The parties were married in 1936. They have two children. They separated in early 1946. On February 18, 1946, they entered into a property settlement agreement. The material parts of the agreement are these:

“The wife shall have the permanent and exclusive custody, care, maintenance and education of the children during their respective minorities. ...
“The husband during his lifetime shall provide the means for the separate support and maintenance of the wife and for the support, maintenance and education of the children in the following manner:
“The sum of One Hundred Seventy-five ($175.00) Dollars commencing at the time of the signing of this agreement, and monthly thereafter. . . .
“In the event that the husband in any year shall earn a sum in excess of Six Thousand ($6,000.00) Dollars after the, payment of State and Federal Income taxes upon his earnings, he shall be obligated to pay to the wife for her separate support and maintenance and for the support, amintenance [sic] and education of the children, in addition to the sums already provided for herein, Forty (40%) per cent of so much of such excess earnings as exceed Six Thousand ($6,000.00) Dollars and do not exceed Twelve Thousand ($12,000.00) Dollars and thirty-three and one-third (33%%) of any excess over and above Twelve Thousand ($12,000.00) Dollars. For the purpose of determining the amount of the husband’s liability under this provision the husband shall be obligated to submit to the wife, not later than April 1, in each year, sworn, true and accurate copies of his State and Federal Income Tax Returns, evidencing his earnings for the preceding calendar year and such returns shall constitute the basis for computing the husband’s liability. Any excess sums over and above the base and minimum figure of One Hundred Seventy-five ($175.00) Dollars monthly, hereinbefore provided for, shall be paid to the wife within ten days after such determination.
“All payments made to the wife shall be deemed to be apportioned as follows:
“One-third—(⅓) for the separate maintenance and support of the wife, and one-third (⅓) for the separate maintenance support and education of each of the children.”
“The provisions of this agreement shall not be construed *255 to prevent either party from suing for an absolute or limited divorce in this or any other competent jurisdiction upon such grounds as they shall elect or as they may be advised; buthany [sic] decree so obtained by either party shall in no way affect this agreement or any of the terms, covenants, or conditions hereof; it being agreed, that in the event a temporary or final judgment or decree shall be rendered in any action or proceedings between the parties hereto in which provision for the maintenance and support of the wife and minor may be appropriate, whether it may be a judgment or decree of absolute divorce or otherwise, such judgment or decree shall provide for the maintenance and support of the wife and said minor children according to the terms of this agreement, and this agreement shall be embodied in and made a part of such judgment or decree. It is agreed that this agreement is absolute, unconditional and irrevocable, and both parties intend during their respective lifetimes to be legally bound thereby. ’ ’

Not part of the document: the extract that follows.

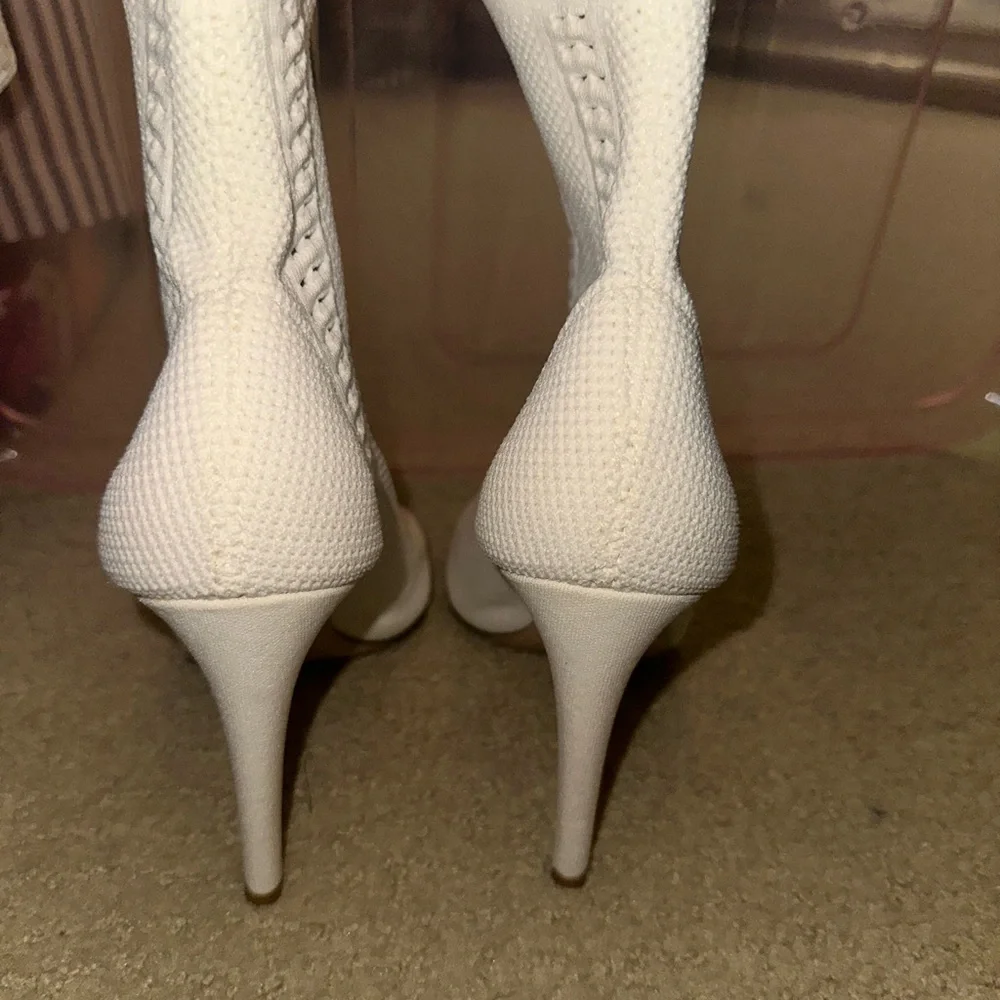 GIANVITO ROSSI Elegant SNOW White Peep-Toe Ankle Boots Sz 8 - Picture 3 of 3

On May 23, 1946, defendant obtained a decree of divorce in Nevada. The decree contained this provision:

“It is further ordered, adjudged and decreed that the written agreement of plaintiff and defendant, entered into on February 18th, 1946, having been introduced in evidence as Exhibit ‘A’, is in all respects, just, fair, reasonable, equitable and it is, by this Court, ratified and approved and the provisions thereof are hereby adopted by this Court.” .

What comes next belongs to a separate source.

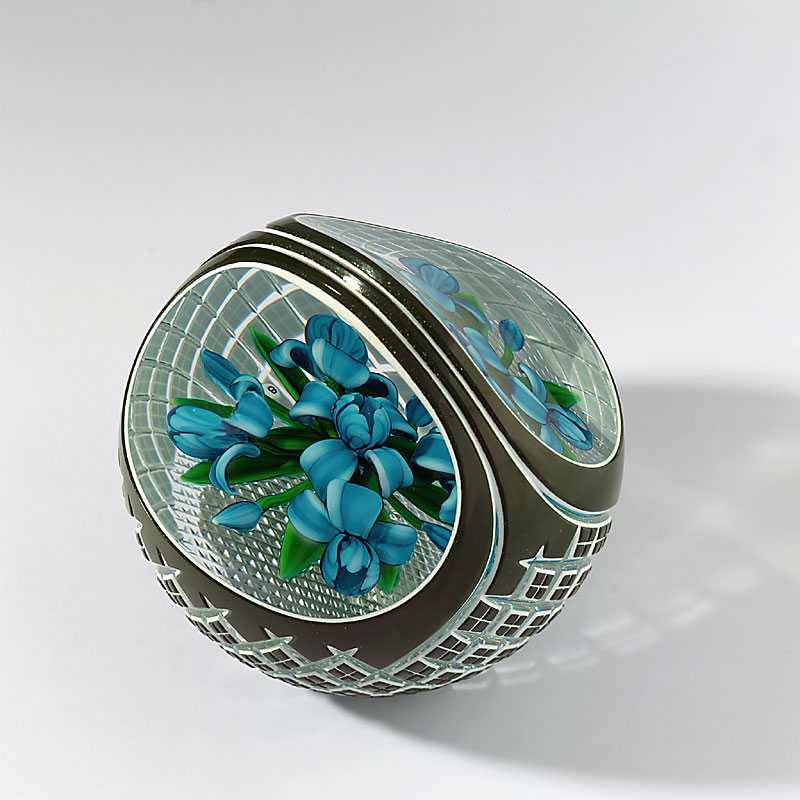 Farfalla Paperweight Banford Ray Koerbchen mit Iris RB 887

Since the decree, defendant has remarried. Plaintiff has not remarried. In 1950 defendant earned $1,438.81 in excess of $6,000 after payment of state and federal income taxes; in 1951, in excess of $3,841.92; in 1952, in excess of $4,064.80 ; in 1953, in excess of $1,176.63; in 1954, in excess of $4,080.77. He paid nothing to plaintiff on account of such excess earnings.

The judgment established the Nevada decree as a judgment of this state, declared it to be in full force and effect, and adjudged that plaintiff recover from defendant the agreed percentage of his excess earnings less certain credits. Defendant appealed from the entire judgment; plaintiff appealed from parts thereof. The case is here on an agreed statement. The findings of fact and conclusions of law are not included.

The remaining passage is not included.